» Work required: Start to finish, print the data below exactly, without the images.

» Raw data:
= = =
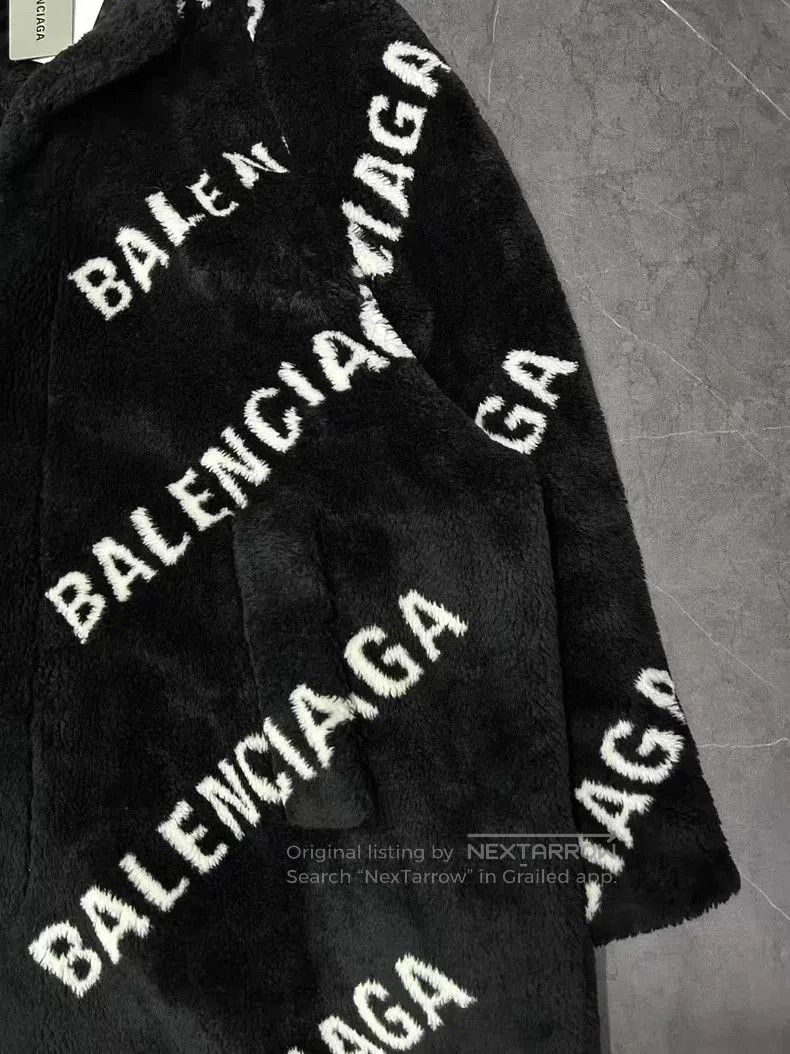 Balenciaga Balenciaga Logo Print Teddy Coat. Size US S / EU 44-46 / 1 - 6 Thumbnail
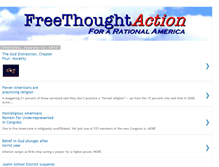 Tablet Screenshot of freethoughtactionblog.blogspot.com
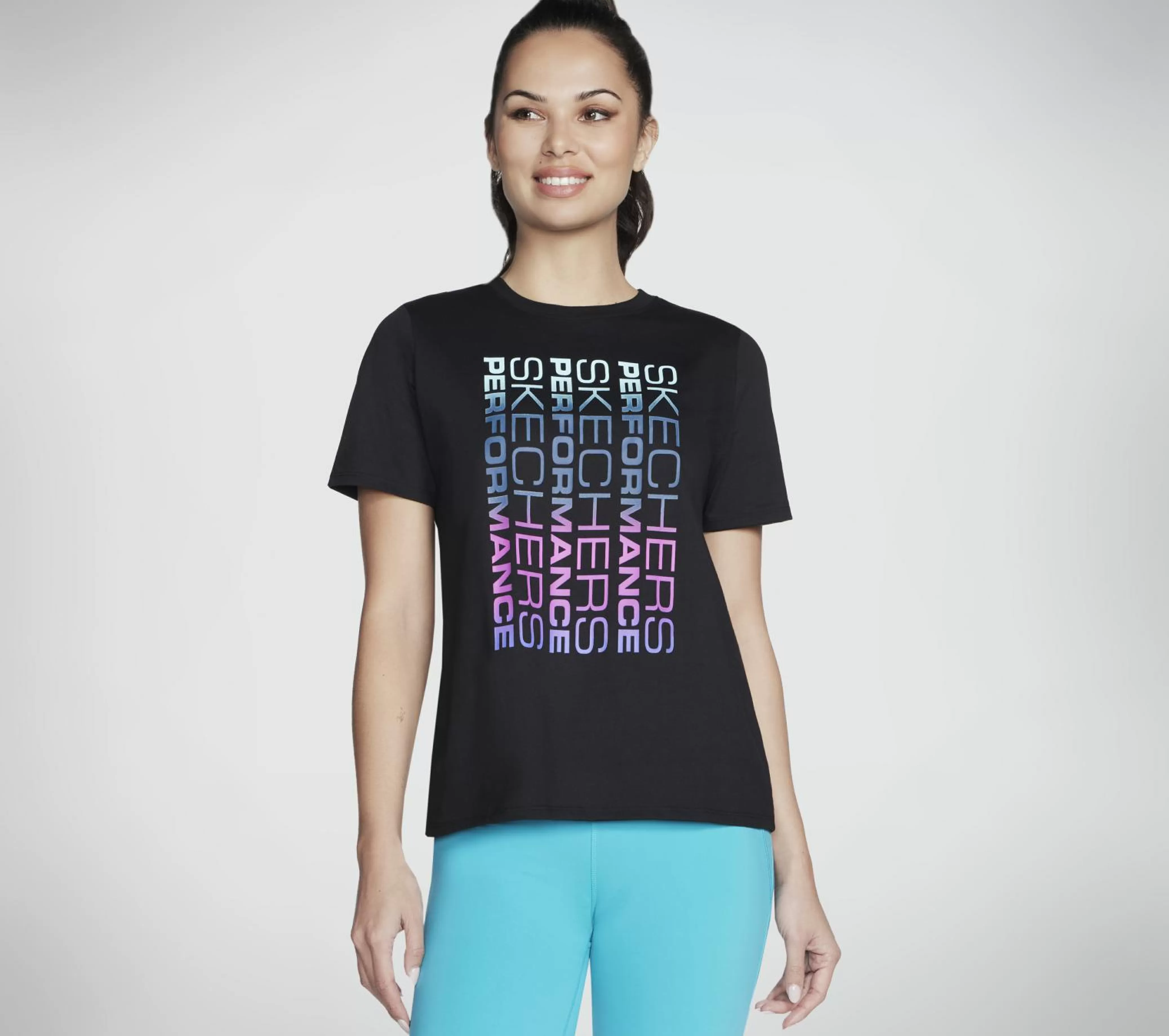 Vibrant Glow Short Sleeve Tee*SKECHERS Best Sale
= = =
» Finished exercise:
 Balenciaga Balenciaga Logo Print Teddy Coat. Size US S / EU 44-46 / 1 - 6 Thumbnail
 Tablet Screenshot of freethoughtactionblog.blogspot.com
 Vibrant Glow Short Sleeve Tee*SKECHERS Best Sale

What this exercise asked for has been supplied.